* **Work order**: Please write out the entire listing below exactly, excluding its pictures.
BEGIN Available data
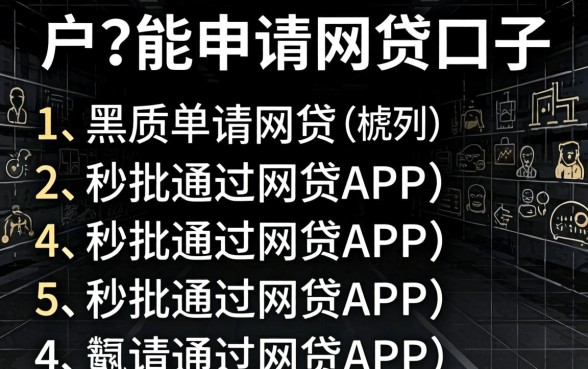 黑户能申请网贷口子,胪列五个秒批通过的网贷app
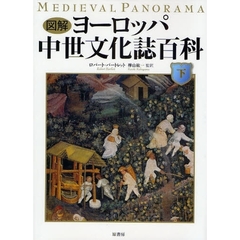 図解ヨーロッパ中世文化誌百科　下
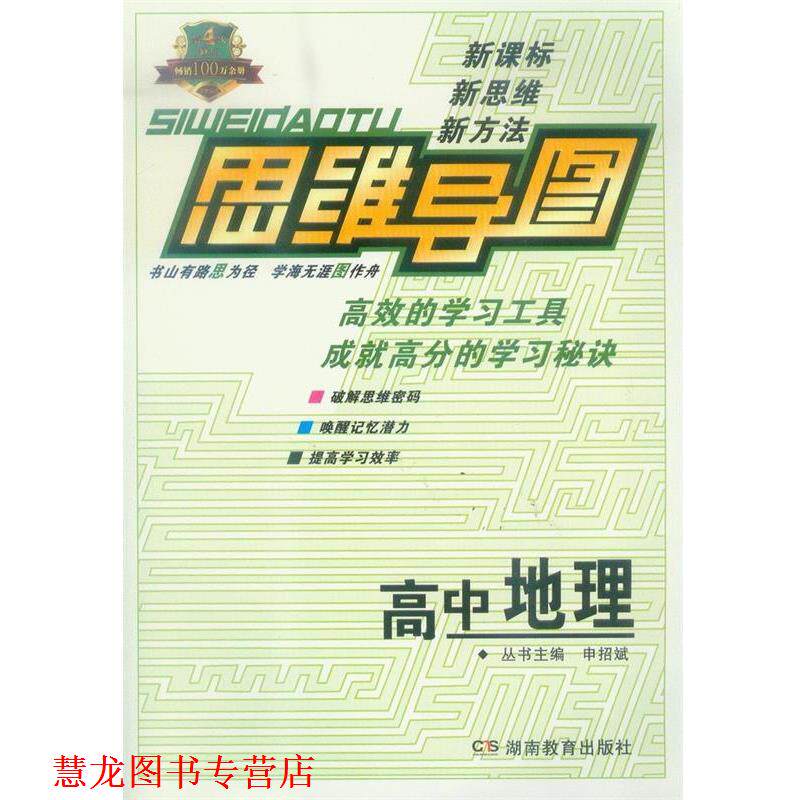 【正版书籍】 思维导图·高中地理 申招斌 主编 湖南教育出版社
END Available data
* **Response box**:
 黑户能申请网贷口子,胪列五个秒批通过的网贷app
 図解ヨーロッパ中世文化誌百科　下
 【正版书籍】 思维导图·高中地理 申招斌 主编 湖南教育出版社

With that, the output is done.